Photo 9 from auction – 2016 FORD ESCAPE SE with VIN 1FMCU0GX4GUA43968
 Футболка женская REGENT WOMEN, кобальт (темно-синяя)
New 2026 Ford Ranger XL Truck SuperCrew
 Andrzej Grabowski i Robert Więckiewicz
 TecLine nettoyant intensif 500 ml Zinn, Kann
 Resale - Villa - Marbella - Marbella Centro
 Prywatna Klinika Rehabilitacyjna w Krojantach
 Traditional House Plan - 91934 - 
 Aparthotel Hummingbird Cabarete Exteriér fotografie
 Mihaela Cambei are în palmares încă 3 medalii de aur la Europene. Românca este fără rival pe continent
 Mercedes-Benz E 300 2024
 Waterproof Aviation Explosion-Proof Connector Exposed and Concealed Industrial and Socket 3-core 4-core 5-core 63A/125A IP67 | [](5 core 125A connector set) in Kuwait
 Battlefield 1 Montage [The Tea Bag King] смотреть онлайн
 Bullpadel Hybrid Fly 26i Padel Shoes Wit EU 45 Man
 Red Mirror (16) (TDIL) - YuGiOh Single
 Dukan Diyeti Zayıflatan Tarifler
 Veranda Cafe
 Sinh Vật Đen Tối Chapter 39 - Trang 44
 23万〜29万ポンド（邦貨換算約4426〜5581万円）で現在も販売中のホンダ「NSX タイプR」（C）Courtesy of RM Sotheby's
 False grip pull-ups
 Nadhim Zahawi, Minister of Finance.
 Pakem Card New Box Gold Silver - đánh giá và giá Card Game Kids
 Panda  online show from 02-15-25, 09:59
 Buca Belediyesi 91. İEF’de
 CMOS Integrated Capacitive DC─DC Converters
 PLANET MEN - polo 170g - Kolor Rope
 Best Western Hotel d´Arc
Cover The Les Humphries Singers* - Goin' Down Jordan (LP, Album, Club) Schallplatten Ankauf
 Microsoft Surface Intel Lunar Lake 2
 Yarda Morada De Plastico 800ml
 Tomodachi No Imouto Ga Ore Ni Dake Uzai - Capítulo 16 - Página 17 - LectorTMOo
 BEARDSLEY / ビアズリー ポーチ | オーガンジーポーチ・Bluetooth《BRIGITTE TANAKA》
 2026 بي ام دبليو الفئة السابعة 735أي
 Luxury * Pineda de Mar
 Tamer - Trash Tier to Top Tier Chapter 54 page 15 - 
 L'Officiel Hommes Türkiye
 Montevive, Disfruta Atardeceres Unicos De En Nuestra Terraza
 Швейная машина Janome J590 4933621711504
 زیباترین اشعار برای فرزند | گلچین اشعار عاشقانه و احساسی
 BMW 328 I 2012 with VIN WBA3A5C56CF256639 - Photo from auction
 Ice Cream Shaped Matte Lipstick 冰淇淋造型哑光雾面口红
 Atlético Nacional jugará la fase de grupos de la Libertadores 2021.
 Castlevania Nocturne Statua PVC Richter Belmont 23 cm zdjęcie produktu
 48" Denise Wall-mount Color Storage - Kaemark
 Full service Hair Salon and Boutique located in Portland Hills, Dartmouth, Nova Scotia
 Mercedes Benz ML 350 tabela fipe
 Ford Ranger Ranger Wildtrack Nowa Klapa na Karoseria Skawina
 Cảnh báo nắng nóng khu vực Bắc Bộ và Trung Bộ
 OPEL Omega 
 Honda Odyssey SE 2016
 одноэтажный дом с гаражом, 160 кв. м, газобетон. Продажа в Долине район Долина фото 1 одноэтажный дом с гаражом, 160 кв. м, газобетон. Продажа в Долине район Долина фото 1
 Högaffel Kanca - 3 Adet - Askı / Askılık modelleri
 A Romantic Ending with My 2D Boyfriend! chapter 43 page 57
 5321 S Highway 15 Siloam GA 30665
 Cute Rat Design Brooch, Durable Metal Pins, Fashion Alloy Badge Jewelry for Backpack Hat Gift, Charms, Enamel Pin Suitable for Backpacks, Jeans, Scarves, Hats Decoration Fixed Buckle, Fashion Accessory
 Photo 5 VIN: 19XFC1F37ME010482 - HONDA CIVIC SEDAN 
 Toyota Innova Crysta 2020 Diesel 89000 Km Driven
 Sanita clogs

→ **About this task**
Transcribe the material above in full, keeping every word.

→ **Output of the exercise**
Photo 9 from auction – 2016 FORD ESCAPE SE with VIN 1FMCU0GX4GUA43968
 Футболка женская REGENT WOMEN, кобальт (темно-синяя)
New 2026 Ford Ranger XL Truck SuperCrew
 Andrzej Grabowski i Robert Więckiewicz
 TecLine nettoyant intensif 500 ml Zinn, Kann
 Resale - Villa - Marbella - Marbella Centro
 Prywatna Klinika Rehabilitacyjna w Krojantach
 Traditional House Plan - 91934 - 
 Aparthotel Hummingbird Cabarete Exteriér fotografie
 Mihaela Cambei are în palmares încă 3 medalii de aur la Europene. Românca este fără rival pe continent
 Mercedes-Benz E 300 2024
 Waterproof Aviation Explosion-Proof Connector Exposed and Concealed Industrial and Socket 3-core 4-core 5-core 63A/125A IP67 | [](5 core 125A connector set) in Kuwait
 Battlefield 1 Montage [The Tea Bag King] смотреть онлайн
 Bullpadel Hybrid Fly 26i Padel Shoes Wit EU 45 Man
 Red Mirror (16) (TDIL) - YuGiOh Single
 Dukan Diyeti Zayıflatan Tarifler
 Veranda Cafe
 Sinh Vật Đen Tối Chapter 39 - Trang 44
 23万〜29万ポンド（邦貨換算約4426〜5581万円）で現在も販売中のホンダ「NSX タイプR」（C）Courtesy of RM Sotheby's
 False grip pull-ups
 Nadhim Zahawi, Minister of Finance.
 Pakem Card New Box Gold Silver - đánh giá và giá Card Game Kids
 Panda  online show from 02-15-25, 09:59
 Buca Belediyesi 91. İEF’de
 CMOS Integrated Capacitive DC─DC Converters
 PLANET MEN - polo 170g - Kolor Rope
 Best Western Hotel d´Arc
Cover The Les Humphries Singers* - Goin' Down Jordan (LP, Album, Club) Schallplatten Ankauf
 Microsoft Surface Intel Lunar Lake 2
 Yarda Morada De Plastico 800ml
 Tomodachi No Imouto Ga Ore Ni Dake Uzai - Capítulo 16 - Página 17 - LectorTMOo
 BEARDSLEY / ビアズリー ポーチ | オーガンジーポーチ・Bluetooth《BRIGITTE TANAKA》
 2026 بي ام دبليو الفئة السابعة 735أي
 Luxury * Pineda de Mar
 Tamer - Trash Tier to Top Tier Chapter 54 page 15 - 
 L'Officiel Hommes Türkiye
 Montevive, Disfruta Atardeceres Unicos De En Nuestra Terraza
 Швейная машина Janome J590 4933621711504
 زیباترین اشعار برای فرزند | گلچین اشعار عاشقانه و احساسی
 BMW 328 I 2012 with VIN WBA3A5C56CF256639 - Photo from auction
 Ice Cream Shaped Matte Lipstick 冰淇淋造型哑光雾面口红
 Atlético Nacional jugará la fase de grupos de la Libertadores 2021.
 Castlevania Nocturne Statua PVC Richter Belmont 23 cm zdjęcie produktu
 48" Denise Wall-mount Color Storage - Kaemark
 Full service Hair Salon and Boutique located in Portland Hills, Dartmouth, Nova Scotia
 Mercedes Benz ML 350 tabela fipe
 Ford Ranger Ranger Wildtrack Nowa Klapa na Karoseria Skawina
 Cảnh báo nắng nóng khu vực Bắc Bộ và Trung Bộ
 OPEL Omega 
 Honda Odyssey SE 2016
 одноэтажный дом с гаражом, 160 кв. м, газобетон. Продажа в Долине район Долина фото 1 одноэтажный дом с гаражом, 160 кв. м, газобетон. Продажа в Долине район Долина фото 1
 Högaffel Kanca - 3 Adet - Askı / Askılık modelleri
 A Romantic Ending with My 2D Boyfriend! chapter 43 page 57
 5321 S Highway 15 Siloam GA 30665
 Cute Rat Design Brooch, Durable Metal Pins, Fashion Alloy Badge Jewelry for Backpack Hat Gift, Charms, Enamel Pin Suitable for Backpacks, Jeans, Scarves, Hats Decoration Fixed Buckle, Fashion Accessory
 Photo 5 VIN: 19XFC1F37ME010482 - HONDA CIVIC SEDAN 
 Toyota Innova Crysta 2020 Diesel 89000 Km Driven
 Sanita clogs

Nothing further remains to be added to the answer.